Career Profile: Air Force Aerospace Ground Equipment Technician
It's pretty natural, when you think of jobs in the Air Force, to assume everyone's out there either flying or fixing planes. But planes can't be kept running on the flight line through sheer willpower: Aircraft maintainers have their tools, and those tools, too, must have their own maintainers.
Enter aerospace ground equipment (AGE) technicians, flying (figuratively, of course) under the motto, "No air power without ground power."
Duties and Responsibilities
"Without AGE equipment, our planes would be nothing more than paperweights," is the Air Force recruiting website's artful summary of this career field's importance. AGE techs are mechanics and electricians charged with maintaining the equipment used on the ground to keep planes in tip-top shape, including "generator sets, air conditioners, hydraulic test stands, air compressors, bomb lifts, [and] heaters."
A high school diploma is necessary to get into the Air Force, but the ideal candidate for AGE technician school will specifically have a background in science and industrial arts courses, according to the Air Force Enlisted Classification Manual (PDF.) The Air Force site also recommends a future AGE technician is probably someone interested in electronics, mechanics, and computer science.
Before shipping off to boot camp, of course, potential enlistees take the Armed Services Vocational Aptitude Battery (ASVAB.) To get into the AGE field, you'll need to score at least 47 in the Air Force's mechanical aptitude category and 28 in electronics aptitude. (Mechanical aptitude tallies the ASVAB's general science, mechanical comprehension, and auto/shop sections while electronics aptitude considers your performance in general science, arithmetic reasoning, mathematics knowledge, and electronics information combined.)
AGE technicians also need to demonstrate normal color vision during an entry physical, due to all the Christmas-tree colored wires they have to work with.
Assuming you're a big tough smarty-pants, you can expect your career as an AGE technician to begin with a rough total of five months in training.

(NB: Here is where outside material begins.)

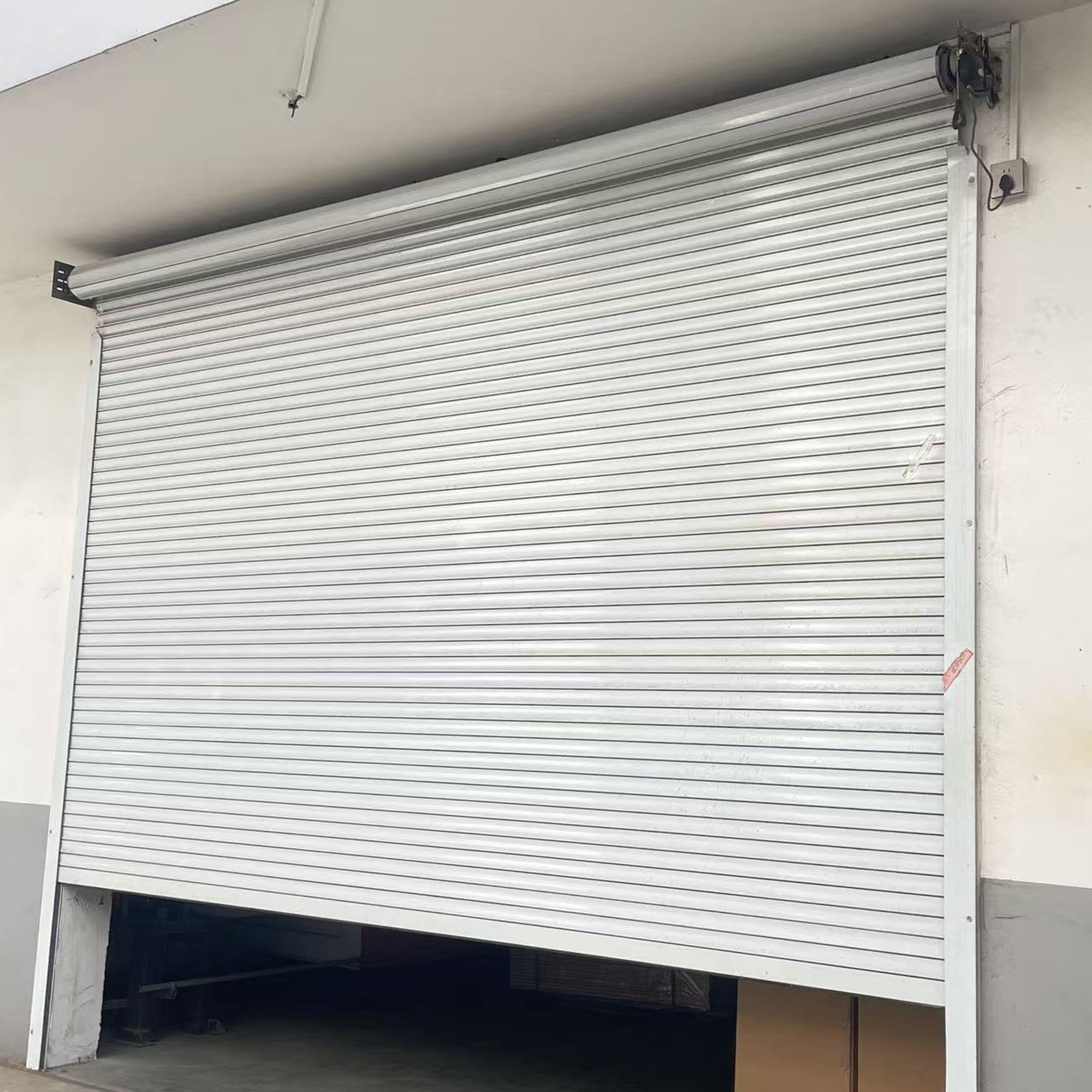 8.5FT x 8.5FT Electric Roll-Up Garage Door, 110V Automatic Roller Shutter Door with Galvanized Steel Rails for Carport, Barn & Storage Shed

That begins, of course, with eight weeks of basic training at Lackland Air Force Base in Texas.
Then comes about three months (95 days) of technical school with the "Hellcats" at the 361st Training Squadron at Sheppard Air Force Base, also conveniently in Texas. (Enjoy some barbeque while you're there, though I have no idea if it's as good in the mess hall as out in town.) According to a 2010 public affairs piece by Airman 1st Class Adawn Kelsey, there are 17 phases in the AGE course, beginning with basic electronics theory and moving on to "work with about 12 different types of equipment throughout the course."
The Air Force recruiting website claims their AGE technician course is worth 36 college credits toward studies in aerospace ground equipment technology, but I advise against getting your hopes up that high. Schools may offer equivalency for military training, but 36 is a pretty ambitious number for a three-month course, especially compared to what's normally recommended by the American Council on Education (ACE) Military Guide for entry-level training. Of course, ACE conveniently has no listing for the AGE apprentice course, so take this all as well-meaning speculation.
Certifications and Career Outlook
The Community College of the Air Force (CCAF) Credentialing and Education Research Tool (CERT) recommends a few national professional certifications that may incorporate and enhance AGE technicians' skills:
- Refrigerant Reclamation Technician
- Certified Manager
- Certified Aerospace Technician
There's no mention over at CCAF about Air Force funding for any of these programs, although the certifying agencies might allow some Air Force training and experience to help fulfill license requirements. CCAF also offers an associate degree program for AGE technology.
CCAF also advises airmen in the AGE field that their closest equivalent career path after returning to the civilian world is installing and repairing heating, air conditioning, and/or refrigeration equipment. The Bureau of Labor and Statistics claims the field commanded a median annual salary of $45,540 in 2018, and projects it will grow "[m]uch faster than average" through 2020.